B ETTER PILS Patients read PILs like they read anything else. A quick skim down for the bits that apply to their personal situation, then backtrack to the parts that stand out. Any information that appears unclear, ambiguous, or doesn’t answer the question ‘why’ is likely to be passed over or ignored. Examples include such instructions as ‘do not take with alcohol’ or ‘always take with food’. Why? What will happen otherwise? If patients don’t see the need to follow directions, they’re far more likely to disregard them, which can exacerbate the non-adherence problem and lead to ineffective medication or worsened side effects.

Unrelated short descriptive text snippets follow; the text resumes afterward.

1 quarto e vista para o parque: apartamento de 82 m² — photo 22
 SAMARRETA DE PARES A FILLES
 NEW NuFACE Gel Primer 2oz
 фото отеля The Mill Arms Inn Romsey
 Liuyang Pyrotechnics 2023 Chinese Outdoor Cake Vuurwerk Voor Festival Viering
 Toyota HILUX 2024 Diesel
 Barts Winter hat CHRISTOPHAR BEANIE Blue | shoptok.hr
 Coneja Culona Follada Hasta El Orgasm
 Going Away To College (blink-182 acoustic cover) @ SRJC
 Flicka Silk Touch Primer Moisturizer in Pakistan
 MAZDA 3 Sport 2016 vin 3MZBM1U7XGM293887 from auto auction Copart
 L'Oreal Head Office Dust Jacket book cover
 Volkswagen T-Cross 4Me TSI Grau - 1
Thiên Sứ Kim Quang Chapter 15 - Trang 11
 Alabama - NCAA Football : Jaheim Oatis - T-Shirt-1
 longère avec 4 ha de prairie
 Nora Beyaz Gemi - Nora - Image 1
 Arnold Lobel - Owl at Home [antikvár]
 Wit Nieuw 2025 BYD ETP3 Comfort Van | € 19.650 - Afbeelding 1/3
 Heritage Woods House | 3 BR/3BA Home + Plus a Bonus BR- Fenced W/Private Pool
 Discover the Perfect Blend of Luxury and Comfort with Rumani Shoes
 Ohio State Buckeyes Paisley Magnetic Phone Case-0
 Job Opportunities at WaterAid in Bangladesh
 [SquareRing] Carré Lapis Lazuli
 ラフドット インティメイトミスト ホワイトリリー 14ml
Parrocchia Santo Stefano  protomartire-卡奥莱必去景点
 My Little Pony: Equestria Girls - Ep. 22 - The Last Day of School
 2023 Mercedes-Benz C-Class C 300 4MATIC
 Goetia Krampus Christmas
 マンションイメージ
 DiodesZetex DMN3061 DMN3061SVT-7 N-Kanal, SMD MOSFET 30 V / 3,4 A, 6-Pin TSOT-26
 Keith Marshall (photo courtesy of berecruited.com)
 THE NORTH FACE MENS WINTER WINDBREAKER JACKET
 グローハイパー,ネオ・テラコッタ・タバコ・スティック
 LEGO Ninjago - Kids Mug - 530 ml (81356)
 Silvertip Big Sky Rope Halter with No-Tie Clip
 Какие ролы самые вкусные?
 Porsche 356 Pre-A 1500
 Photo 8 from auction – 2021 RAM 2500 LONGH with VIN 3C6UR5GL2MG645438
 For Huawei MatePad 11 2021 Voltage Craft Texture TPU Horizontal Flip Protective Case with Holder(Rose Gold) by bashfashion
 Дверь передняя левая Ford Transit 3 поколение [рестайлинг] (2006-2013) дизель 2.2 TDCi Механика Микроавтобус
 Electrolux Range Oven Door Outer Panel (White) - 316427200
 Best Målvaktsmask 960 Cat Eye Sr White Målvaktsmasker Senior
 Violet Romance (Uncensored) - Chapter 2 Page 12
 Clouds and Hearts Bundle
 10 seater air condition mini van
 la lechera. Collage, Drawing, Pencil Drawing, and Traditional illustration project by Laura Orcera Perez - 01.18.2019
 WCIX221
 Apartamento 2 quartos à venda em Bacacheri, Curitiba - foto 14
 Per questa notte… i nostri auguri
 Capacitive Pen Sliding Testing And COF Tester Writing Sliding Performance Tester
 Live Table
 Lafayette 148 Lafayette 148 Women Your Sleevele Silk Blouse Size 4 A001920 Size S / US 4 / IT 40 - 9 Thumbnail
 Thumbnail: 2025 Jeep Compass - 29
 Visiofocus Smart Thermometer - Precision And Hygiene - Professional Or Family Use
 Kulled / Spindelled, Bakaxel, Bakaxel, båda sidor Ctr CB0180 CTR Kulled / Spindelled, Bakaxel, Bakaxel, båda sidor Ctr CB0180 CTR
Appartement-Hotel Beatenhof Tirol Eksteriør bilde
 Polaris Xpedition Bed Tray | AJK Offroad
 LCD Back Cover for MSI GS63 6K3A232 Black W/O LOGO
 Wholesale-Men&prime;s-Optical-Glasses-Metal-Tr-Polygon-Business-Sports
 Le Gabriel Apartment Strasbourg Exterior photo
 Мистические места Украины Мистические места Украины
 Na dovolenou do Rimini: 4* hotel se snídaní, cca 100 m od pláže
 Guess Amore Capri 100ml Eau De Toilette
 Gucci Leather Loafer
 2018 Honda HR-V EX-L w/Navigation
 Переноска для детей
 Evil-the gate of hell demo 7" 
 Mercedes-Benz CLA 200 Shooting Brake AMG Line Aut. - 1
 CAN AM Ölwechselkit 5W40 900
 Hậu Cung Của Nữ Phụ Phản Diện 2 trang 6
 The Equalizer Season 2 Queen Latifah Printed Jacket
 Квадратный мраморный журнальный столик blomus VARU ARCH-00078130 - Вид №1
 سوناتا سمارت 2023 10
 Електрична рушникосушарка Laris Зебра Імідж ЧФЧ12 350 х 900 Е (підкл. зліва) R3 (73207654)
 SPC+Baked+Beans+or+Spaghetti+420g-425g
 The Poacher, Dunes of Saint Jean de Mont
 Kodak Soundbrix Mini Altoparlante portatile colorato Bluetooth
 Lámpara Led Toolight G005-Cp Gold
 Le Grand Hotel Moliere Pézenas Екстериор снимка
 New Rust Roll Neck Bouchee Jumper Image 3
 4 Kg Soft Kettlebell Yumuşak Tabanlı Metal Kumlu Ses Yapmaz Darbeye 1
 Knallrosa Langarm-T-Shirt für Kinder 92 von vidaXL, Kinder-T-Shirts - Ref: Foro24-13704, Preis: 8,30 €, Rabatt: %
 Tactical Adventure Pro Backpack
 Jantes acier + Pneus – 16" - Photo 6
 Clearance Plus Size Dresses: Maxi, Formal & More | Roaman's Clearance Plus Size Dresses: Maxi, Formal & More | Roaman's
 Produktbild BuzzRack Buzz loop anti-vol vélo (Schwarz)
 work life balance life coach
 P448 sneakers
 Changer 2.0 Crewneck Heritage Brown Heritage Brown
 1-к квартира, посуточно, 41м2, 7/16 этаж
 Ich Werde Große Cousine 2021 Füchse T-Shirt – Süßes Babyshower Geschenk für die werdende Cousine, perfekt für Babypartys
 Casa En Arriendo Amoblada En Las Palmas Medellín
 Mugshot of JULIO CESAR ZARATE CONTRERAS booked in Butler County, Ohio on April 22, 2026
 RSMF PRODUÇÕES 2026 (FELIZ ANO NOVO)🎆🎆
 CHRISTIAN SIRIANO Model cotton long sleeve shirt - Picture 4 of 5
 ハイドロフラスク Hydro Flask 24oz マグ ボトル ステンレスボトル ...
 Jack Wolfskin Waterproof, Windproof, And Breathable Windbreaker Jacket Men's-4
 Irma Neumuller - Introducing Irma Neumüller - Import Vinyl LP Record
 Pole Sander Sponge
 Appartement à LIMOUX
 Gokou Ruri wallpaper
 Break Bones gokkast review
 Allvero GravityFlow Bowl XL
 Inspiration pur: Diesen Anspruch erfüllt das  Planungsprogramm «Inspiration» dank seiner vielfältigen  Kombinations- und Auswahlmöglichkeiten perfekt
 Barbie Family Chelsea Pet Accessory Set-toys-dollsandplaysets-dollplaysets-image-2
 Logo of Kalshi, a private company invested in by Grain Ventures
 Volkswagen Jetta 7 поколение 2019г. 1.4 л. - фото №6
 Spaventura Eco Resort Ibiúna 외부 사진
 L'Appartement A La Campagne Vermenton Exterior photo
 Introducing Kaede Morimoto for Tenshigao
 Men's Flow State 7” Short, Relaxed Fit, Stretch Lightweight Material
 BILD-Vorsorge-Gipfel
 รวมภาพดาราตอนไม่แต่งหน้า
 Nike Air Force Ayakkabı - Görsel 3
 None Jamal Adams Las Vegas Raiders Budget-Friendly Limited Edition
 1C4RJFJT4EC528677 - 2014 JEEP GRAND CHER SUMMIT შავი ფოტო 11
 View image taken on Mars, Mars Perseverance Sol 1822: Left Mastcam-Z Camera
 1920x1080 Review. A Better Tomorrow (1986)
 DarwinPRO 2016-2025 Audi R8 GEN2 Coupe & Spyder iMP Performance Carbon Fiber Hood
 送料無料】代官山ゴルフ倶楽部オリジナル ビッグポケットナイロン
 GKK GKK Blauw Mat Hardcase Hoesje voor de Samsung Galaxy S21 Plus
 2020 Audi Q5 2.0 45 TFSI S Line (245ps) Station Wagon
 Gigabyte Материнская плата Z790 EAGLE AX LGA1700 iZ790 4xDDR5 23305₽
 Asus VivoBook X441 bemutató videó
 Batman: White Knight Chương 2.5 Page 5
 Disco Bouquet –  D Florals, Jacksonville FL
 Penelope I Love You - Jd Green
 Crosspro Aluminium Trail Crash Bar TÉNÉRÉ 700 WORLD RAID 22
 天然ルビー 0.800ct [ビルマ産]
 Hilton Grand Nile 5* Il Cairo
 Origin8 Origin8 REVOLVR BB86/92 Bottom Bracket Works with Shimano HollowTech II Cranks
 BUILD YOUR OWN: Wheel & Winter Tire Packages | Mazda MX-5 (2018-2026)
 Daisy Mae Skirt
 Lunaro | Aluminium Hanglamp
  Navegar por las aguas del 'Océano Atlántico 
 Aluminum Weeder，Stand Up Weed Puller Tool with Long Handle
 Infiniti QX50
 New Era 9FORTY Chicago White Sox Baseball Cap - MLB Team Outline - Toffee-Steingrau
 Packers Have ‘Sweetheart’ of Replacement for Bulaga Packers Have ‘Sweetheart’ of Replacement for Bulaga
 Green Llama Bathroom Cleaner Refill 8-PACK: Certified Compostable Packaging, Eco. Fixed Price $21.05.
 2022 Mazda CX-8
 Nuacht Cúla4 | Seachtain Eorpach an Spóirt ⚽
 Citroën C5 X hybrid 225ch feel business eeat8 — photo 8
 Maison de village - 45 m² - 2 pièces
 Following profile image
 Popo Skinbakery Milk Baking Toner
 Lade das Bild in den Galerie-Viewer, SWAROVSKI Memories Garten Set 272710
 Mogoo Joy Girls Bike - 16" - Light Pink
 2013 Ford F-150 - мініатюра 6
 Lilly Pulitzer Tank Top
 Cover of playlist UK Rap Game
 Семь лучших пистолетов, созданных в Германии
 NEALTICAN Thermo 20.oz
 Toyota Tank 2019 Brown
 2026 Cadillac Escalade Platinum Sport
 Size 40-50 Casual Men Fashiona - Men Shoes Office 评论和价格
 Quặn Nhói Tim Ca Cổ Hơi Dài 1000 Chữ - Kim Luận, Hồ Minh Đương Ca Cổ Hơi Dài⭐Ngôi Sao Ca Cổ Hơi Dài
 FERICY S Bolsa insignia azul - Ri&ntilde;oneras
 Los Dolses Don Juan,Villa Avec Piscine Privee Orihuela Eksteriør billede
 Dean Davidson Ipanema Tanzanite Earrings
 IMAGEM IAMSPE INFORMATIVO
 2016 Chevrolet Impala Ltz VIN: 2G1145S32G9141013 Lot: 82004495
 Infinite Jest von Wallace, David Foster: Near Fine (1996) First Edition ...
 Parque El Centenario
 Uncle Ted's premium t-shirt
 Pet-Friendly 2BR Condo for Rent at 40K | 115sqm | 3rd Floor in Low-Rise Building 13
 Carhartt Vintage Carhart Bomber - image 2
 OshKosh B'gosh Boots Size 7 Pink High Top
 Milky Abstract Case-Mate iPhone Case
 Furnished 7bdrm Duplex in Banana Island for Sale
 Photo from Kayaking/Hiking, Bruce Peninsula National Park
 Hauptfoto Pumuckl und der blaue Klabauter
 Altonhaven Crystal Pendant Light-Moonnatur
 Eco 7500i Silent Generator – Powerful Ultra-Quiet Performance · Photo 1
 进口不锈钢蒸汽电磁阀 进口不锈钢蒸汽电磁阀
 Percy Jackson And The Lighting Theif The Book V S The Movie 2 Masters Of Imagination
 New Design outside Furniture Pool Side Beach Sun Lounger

C LARITY, DEPTH, AND BREADTH IN SCIENTIFIC PATIENT INFORMATION As patients become better informed on their conditions, the need for clear medical communications in PILs, grows. A recent survey conducted among cancer patients and care groups across 39 countries revealed a significant 60% of respondents complained that the science behind treatment innovations was not clearly explained. While the patients they are intended to support are aware of scientific advances, the majority of patients felt left out of the communication loop. They wanted to know more about how offered treatments worked, why they worked, and how they affected personal outcomes. Almost 55% of respondents to the survey agreed that an improved understanding of the scientific concept behind a new treatment improved a patient’s quality of life and their clinical outcome. One of the biggest barriers to patient understanding was a lack of familiarity with scientific concepts and language. Simple, clear, jargon-free scientific information that patients could access easily, such as online or through social media for example, would reach more patients.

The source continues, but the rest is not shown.